[EXERCISE DATA]

________________________

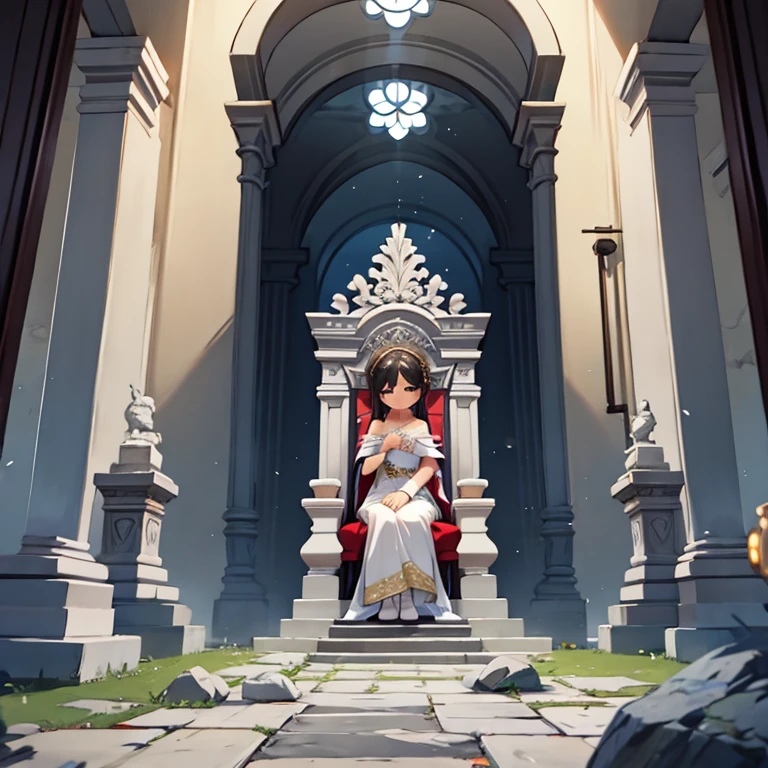 Broken throne room made out of stone and light is coming through 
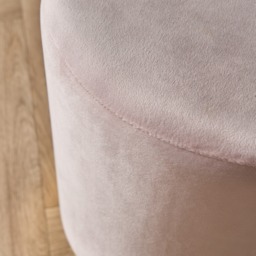 OHS Matte Velvet Golden Band Stool - Blush - thumbnail 2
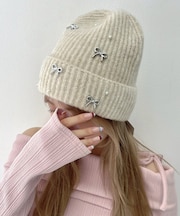 パールリボンニットキャップ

________________________

[PROBLEM DETAILS] Repeat all the data as it stands, dropping any images it holds.

[THE COMPLETED TASK]
 Broken throne room made out of stone and light is coming through 
 OHS Matte Velvet Golden Band Stool - Blush - thumbnail 2
 パールリボンニットキャップ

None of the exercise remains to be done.